== WHAT YOU HAVE TO DO ==
Can you restate the lines of the entries below, word for word, from the first one through the line that includes "Cozy kitchen with"?

Caption-style text data
- Opening Delimiter -
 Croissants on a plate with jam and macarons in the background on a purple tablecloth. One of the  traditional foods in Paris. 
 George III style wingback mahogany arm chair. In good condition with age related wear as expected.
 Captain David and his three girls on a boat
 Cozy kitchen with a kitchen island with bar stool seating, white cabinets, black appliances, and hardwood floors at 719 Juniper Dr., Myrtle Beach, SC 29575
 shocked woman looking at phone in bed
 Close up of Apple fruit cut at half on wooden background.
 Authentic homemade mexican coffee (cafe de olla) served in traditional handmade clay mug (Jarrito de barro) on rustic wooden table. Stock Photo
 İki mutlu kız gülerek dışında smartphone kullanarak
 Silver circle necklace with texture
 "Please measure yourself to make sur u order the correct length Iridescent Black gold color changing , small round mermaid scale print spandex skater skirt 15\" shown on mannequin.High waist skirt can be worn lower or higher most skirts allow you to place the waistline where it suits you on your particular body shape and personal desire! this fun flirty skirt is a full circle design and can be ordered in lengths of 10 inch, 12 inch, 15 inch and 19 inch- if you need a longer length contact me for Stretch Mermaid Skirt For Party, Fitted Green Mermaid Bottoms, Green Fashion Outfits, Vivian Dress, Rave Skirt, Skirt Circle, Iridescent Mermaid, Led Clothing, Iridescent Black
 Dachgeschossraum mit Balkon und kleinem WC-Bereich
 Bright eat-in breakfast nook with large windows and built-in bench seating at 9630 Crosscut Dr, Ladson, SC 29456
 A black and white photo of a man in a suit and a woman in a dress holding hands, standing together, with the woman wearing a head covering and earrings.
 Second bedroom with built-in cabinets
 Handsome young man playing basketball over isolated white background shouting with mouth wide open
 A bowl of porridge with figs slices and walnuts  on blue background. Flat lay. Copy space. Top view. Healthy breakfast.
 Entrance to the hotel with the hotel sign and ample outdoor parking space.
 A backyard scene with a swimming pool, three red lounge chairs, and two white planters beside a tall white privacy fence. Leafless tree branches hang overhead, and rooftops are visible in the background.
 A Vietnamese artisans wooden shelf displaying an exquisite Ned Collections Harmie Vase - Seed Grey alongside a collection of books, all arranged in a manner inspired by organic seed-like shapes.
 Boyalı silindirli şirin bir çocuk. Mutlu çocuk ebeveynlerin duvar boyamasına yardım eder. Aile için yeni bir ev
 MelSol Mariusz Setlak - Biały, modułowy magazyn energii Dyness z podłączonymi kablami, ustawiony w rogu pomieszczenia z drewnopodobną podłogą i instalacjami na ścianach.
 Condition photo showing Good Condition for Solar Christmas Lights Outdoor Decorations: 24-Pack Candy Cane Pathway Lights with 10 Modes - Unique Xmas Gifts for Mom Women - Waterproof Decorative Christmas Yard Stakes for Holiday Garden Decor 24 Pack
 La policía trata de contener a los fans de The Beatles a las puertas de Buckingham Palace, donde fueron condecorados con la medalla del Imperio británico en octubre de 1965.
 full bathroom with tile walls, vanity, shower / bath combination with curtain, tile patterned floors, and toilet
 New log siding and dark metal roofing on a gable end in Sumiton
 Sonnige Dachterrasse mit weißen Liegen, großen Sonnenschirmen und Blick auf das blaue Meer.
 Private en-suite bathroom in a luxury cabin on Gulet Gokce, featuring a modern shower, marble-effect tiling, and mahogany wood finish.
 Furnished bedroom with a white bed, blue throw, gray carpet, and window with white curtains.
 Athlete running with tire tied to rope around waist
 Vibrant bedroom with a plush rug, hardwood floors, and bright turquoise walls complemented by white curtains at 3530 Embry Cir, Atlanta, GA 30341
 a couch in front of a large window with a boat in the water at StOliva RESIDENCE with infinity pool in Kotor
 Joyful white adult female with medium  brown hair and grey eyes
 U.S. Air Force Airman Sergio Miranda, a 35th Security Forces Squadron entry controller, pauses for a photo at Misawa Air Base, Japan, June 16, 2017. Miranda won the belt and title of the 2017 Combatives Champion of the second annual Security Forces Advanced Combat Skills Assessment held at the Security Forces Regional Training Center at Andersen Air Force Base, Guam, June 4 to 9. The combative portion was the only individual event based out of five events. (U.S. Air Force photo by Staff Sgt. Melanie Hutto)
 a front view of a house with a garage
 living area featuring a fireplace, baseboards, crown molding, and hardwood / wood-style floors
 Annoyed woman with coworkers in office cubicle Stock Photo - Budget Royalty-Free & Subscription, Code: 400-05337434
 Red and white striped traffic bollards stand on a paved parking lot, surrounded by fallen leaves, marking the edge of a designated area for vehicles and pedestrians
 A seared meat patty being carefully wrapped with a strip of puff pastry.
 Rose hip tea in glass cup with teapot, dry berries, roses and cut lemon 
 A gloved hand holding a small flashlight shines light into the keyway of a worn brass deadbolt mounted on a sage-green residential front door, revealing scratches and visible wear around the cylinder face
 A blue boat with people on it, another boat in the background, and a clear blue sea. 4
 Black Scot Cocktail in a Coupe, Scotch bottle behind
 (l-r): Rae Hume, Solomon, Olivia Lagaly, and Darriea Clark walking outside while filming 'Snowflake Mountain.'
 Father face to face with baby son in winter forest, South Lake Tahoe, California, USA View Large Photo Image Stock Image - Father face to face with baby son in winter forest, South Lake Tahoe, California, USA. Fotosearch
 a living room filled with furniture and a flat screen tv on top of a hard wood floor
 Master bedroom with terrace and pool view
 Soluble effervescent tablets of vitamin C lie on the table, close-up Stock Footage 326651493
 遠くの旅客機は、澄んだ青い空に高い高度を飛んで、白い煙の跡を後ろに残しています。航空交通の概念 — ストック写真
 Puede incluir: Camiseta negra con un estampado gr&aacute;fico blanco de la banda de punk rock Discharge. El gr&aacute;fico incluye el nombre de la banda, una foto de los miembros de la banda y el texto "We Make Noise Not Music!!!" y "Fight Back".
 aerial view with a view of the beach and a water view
- Closing Delimiter -
== YOUR SOLUTION ==
 Croissants on a plate with jam and macarons in the background on a purple tablecloth. One of the  traditional foods in Paris. 
 George III style wingback mahogany arm chair. In good condition with age related wear as expected.
 Captain David and his three girls on a boat
 Cozy kitchen with a kitchen island with bar stool seating, white cabinets, black appliances, and hardwood floors at 719 Juniper Dr., Myrtle Beach, SC 29575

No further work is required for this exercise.